Farsi invitare nella partita di un proprio amico, se possibile, è anche più sconveniente. Completando missioni ed eliminando zombie si accumula notorietà e fama, merce di scambio per vantaggiosi baratti, oltre che principale valuta con cui edificare nuovi avamposti. Scordatevi, tuttavia, di portarvi dietro le risorse scovate o di riporre nella dispensa della vostra enclave armi o materie prime reperite. Al termine della sessione, semplicemente, si viene premiati con una serie di item, quantitativamente e qualitativamente non paragonabili rispetto ai vantaggi che la propria cooperazione ha apportato all’host.
Si ritorna alla propria comunità con l’amaro in bocca, consci di aver quasi inutilmente rischiato la vita del proprio avatar, di aver sprecato tempo, magari risorse ed equipaggiamento prezioso.
State of Decay 2, tirando le somme, è una bellissima esperienza in singolo, a modo suo particolare e dal sapore quasi inedito, facendo finta che il prequel non esista, ma che non dà il suo meglio in multiplayer.

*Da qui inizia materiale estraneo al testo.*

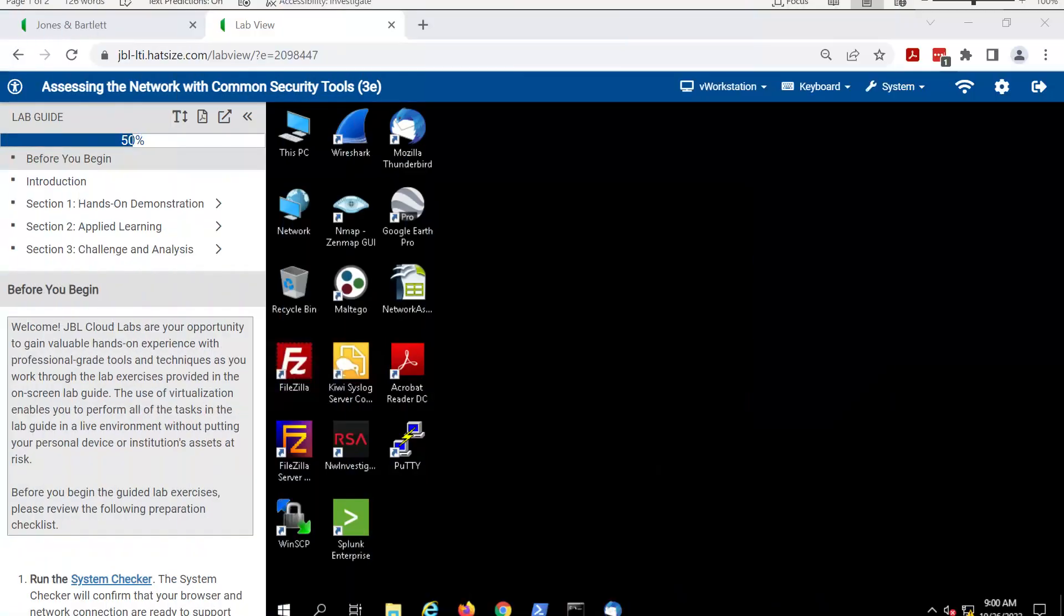Welcome to the library of video support for using the Jones and Bartlett Learning Cloud Labs. In this video, we will cover technical support for our labs.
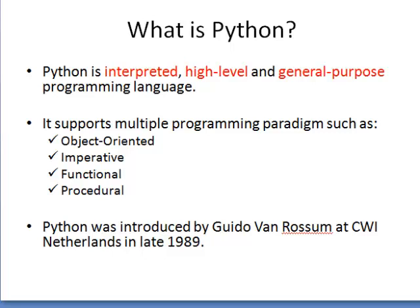Python was introduced by Guido Van Rossum at CWI Netherlands in late 1989.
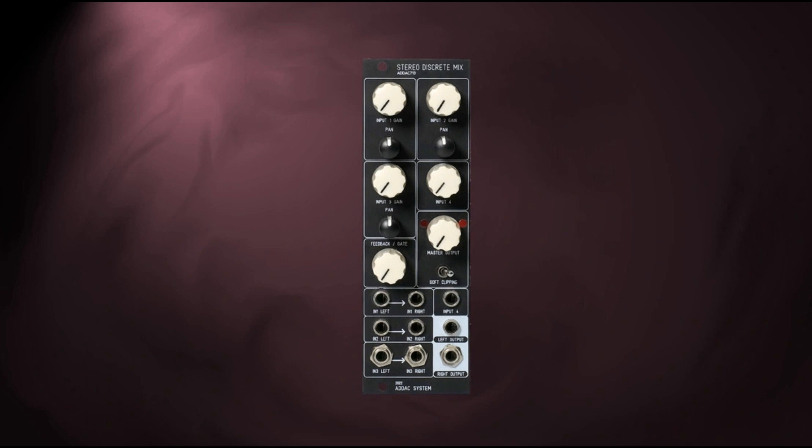Other key controls include the master output, which sets the overall output gain of the mixer. Metering is provided by two LEDs which correlate to the output signal. The soft clipping switch engages an anti-click circuit which adds a low-pass before the output.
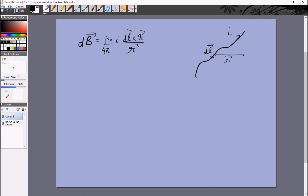We also found out how to calculate the direction of the magnetic field. We could compute dl cross r, which shows us it's inside the plane. Another way is to curl our thumb around the current — our fingers then curl around the direction of the magnetic field. So the direction of magnetic field would be inside the plane, to the right of the wire.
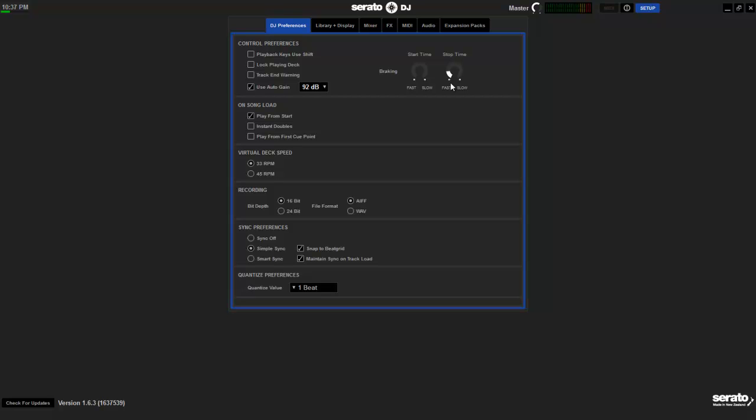I learned on turntables. I still use turntables. I love turntables. And so I love that feel. So that helps it as far as start having it all the way to the fastest helps when you release record for it to just start right up. So that's pretty much, I'm pretty sure the only thing I changed on this first DJ preferences pane.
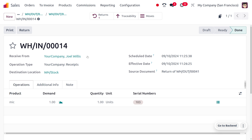This is how we managed the Return for Exchange in Odoo 18, which is one of the new features to manage inventory. That's all for today. Thank you for watching the video.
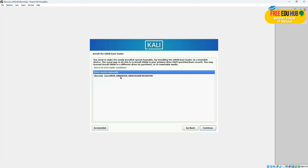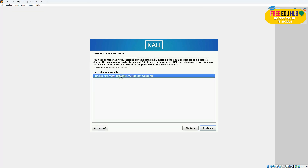Now it's very important over here to select this one. If you don't select it, your installation would fail.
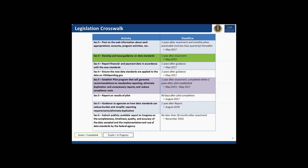We wanted to provide an overview of the requirements under the Data Act and the general timeline. This slide gives a good framing to our work and lets you see the cadence we're going to be going through over the next two years. I'll now let Mike get into the real heart of the matter, which is why you're all on the line today.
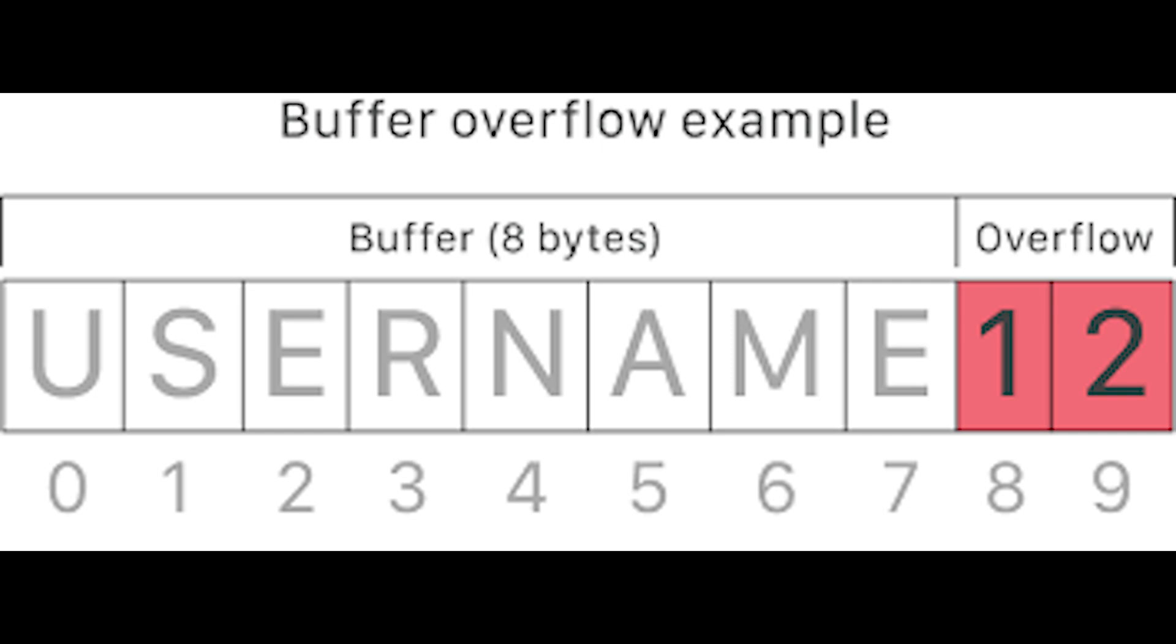Integer overflow occurs when arithmetic operation results in an integer that is too large for the integer type meant to store it. Stack occurs when there's overflow buffer on the call stack. Heap overflow targets the data in the open memory pool known as the heap.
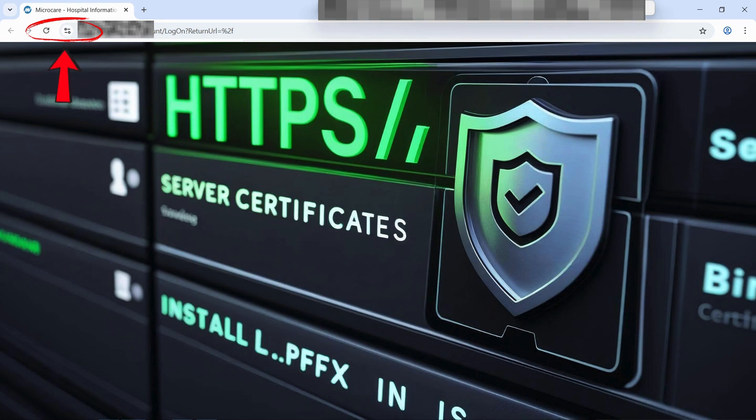With this, your PFX Certificate has been successfully installed on the server and bound to your website in IIS.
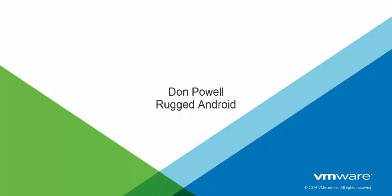In the third and final video, I'll be actually showing you the enrollment. Again, this is Don Powell from the Rugged Android team. See you then.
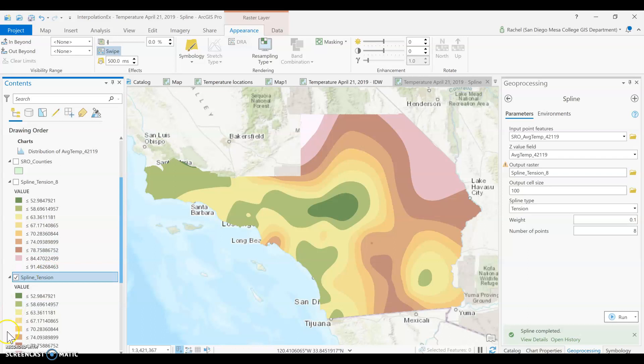So those are the two different interpolation tools. In the next video we'll be looking at density surfaces.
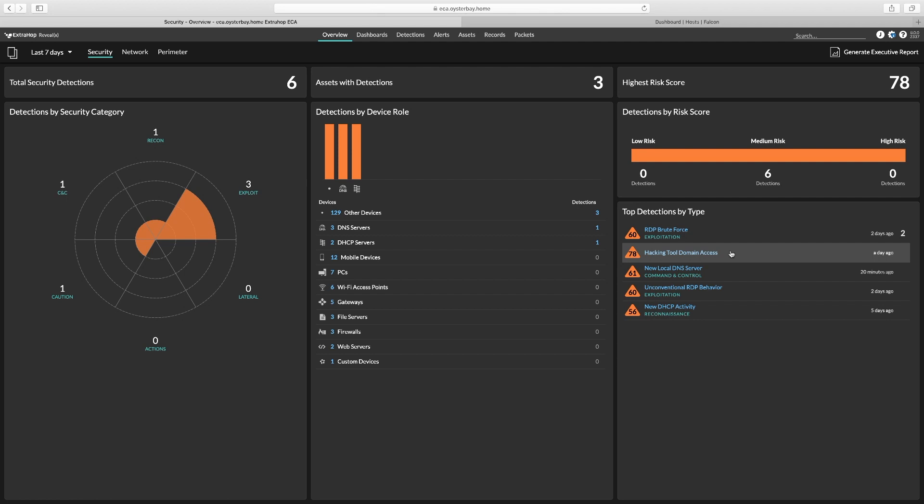ExtraHop being the recognized leader in cloud-native network detection and response, and CrowdStrike being the recognized leader in endpoint detection and response.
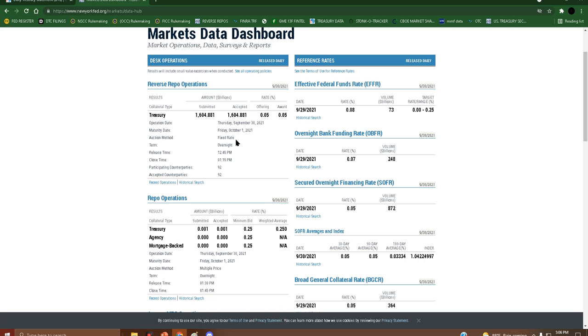Okay, so obviously we have a new record by far, and it blew every record out of the water basically. The average per counterparty, definitely the amount total. Geez Louise, what a day to be late, right?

Ci teniamo a specificarlo una volta di più: in co-op la produzione Microsoft è assolutamente in grado di divertire, regalare qualche risata sguaiata grazie ad immancabili situazioni ilari che inevitabilmente si verranno a creare. Semplicemente, non apporta vantaggi ludici tali da giustificare lunghe maratone e numerose sessioni insieme ad un proprio amico. Ciò che è peggio, il multiplayer vanifica in buona parte il feeling, l’atmosfera creata da State of Decay 2, rendendolo un survival in terza persona molto meno affascinante ed appagante di quanto non lo sia in solitaria.